Exercise requirements: Starting with the line that has "And the second" and finishing with the line that has "If you like", set down each line below exactly. Pictures are not copied.

The data:
------------------------------
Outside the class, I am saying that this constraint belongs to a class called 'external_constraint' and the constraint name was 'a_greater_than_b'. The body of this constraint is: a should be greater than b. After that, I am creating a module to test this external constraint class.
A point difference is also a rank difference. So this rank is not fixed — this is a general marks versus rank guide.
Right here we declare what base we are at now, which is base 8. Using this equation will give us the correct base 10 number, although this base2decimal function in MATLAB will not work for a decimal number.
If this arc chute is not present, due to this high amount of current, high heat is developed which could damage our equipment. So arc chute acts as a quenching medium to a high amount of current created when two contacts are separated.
------------------------------
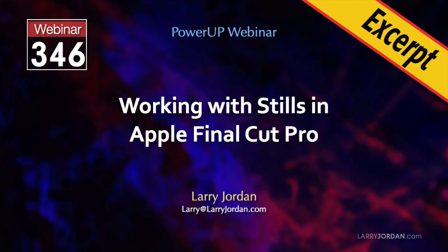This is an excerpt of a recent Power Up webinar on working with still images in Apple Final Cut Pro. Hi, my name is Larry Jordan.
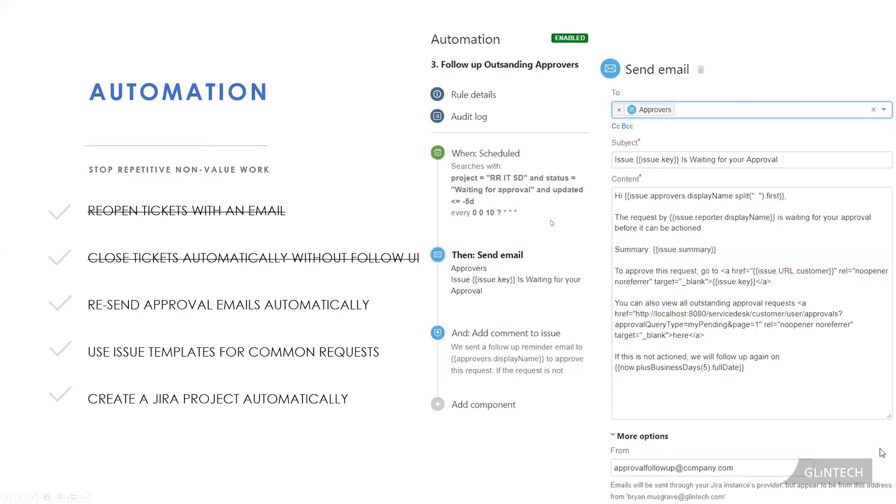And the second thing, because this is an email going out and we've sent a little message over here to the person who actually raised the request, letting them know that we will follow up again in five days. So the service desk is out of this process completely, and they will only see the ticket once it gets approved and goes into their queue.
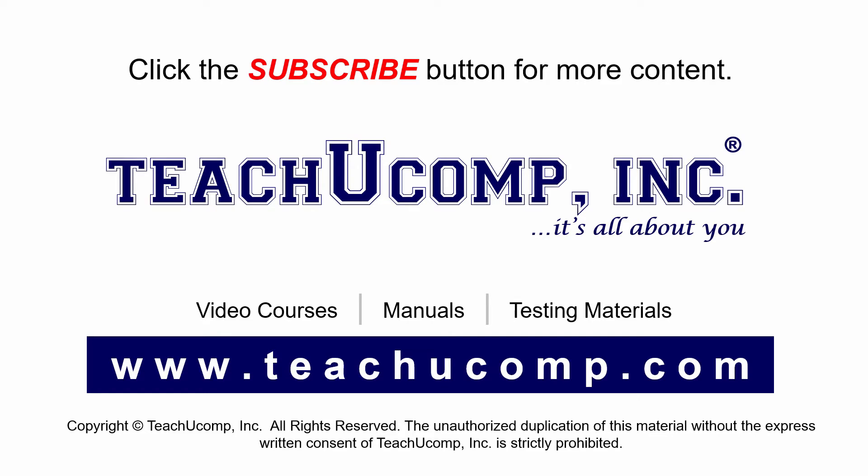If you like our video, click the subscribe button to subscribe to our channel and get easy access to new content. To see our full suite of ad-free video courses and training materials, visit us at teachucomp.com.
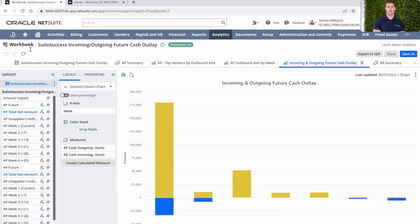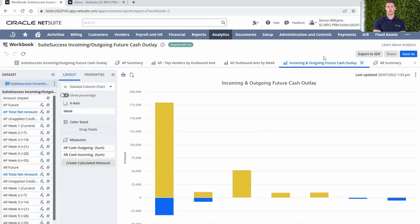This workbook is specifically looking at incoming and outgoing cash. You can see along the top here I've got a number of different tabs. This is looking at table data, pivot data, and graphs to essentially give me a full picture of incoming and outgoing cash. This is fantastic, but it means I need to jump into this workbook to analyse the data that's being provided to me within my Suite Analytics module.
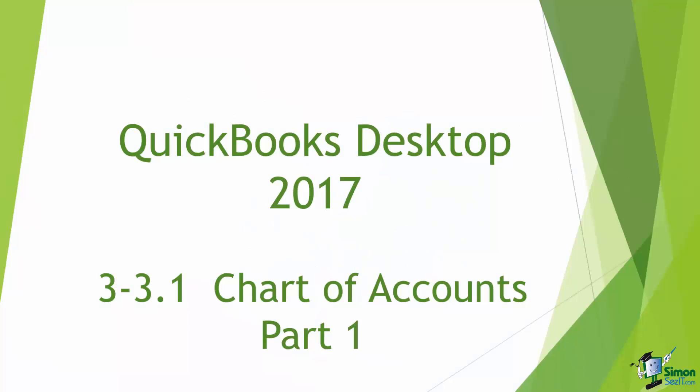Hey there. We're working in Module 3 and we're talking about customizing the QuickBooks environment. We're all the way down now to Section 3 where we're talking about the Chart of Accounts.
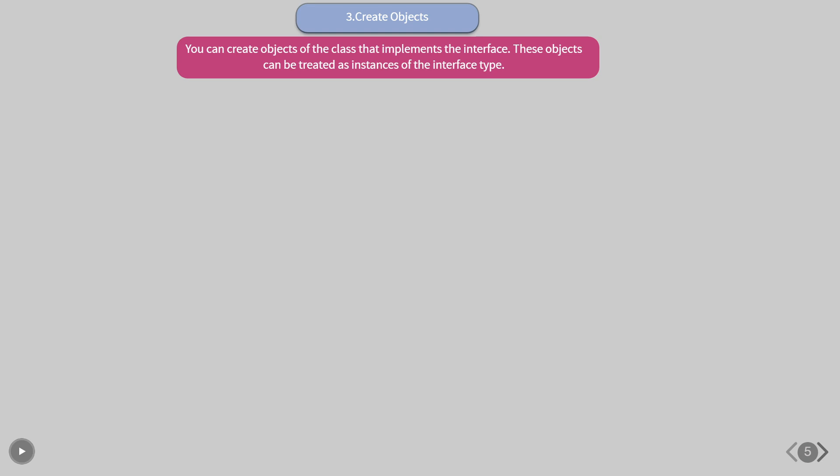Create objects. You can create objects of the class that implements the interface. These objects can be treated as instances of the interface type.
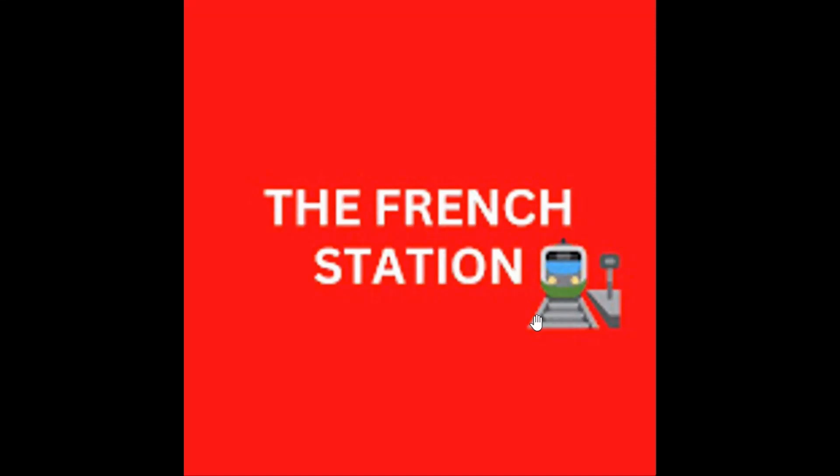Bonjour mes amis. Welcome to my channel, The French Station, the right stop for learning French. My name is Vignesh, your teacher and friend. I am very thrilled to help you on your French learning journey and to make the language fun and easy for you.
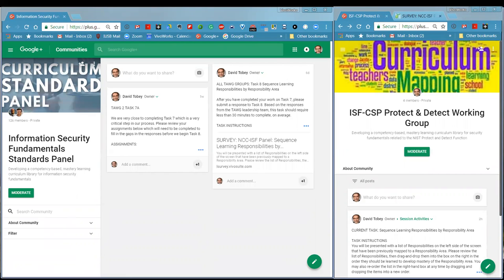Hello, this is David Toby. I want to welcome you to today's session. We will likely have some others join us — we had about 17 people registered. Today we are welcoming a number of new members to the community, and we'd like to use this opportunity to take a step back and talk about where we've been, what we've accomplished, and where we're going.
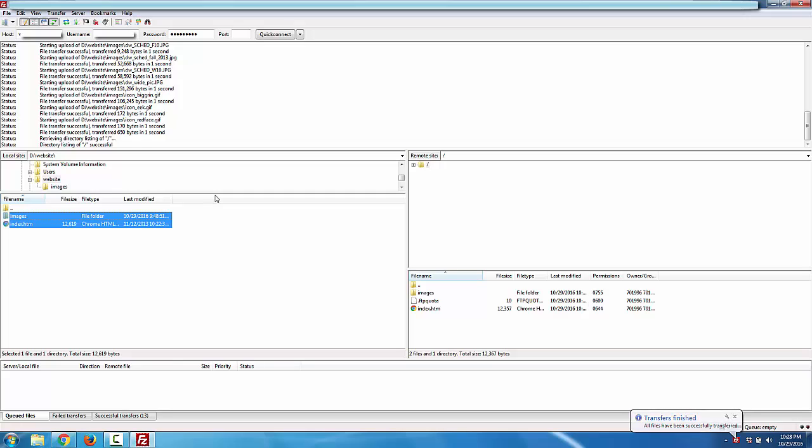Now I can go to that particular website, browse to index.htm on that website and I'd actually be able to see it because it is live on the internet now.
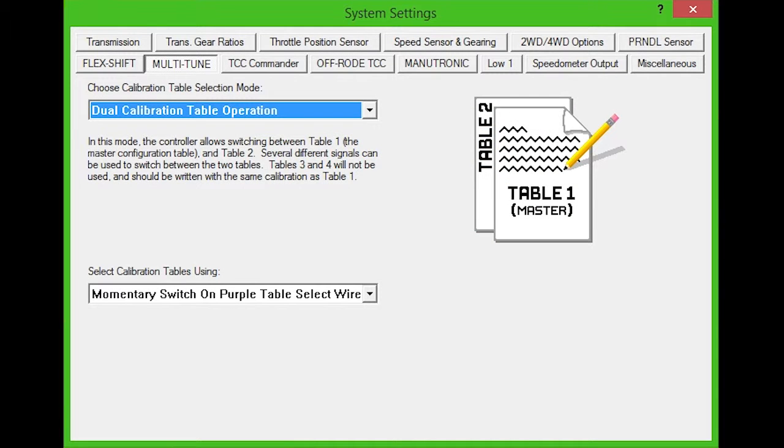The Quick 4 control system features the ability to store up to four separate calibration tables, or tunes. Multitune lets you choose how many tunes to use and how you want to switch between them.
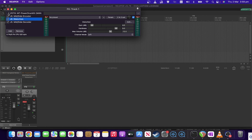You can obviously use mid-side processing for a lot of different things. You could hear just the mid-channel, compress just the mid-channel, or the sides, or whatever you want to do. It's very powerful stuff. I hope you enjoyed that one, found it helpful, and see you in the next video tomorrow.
------------------------------
Task solution:
And the second thing, because this is an email going out and we've sent a little message over here to the person who actually raised the request, letting them know that we will follow up again in five days. So the service desk is out of this process completely, and they will only see the ticket once it gets approved and goes into their queue.
If you like our video, click the subscribe button to subscribe to our channel and get easy access to new content. To see our full suite of ad-free video courses and training materials, visit us at teachucomp.com.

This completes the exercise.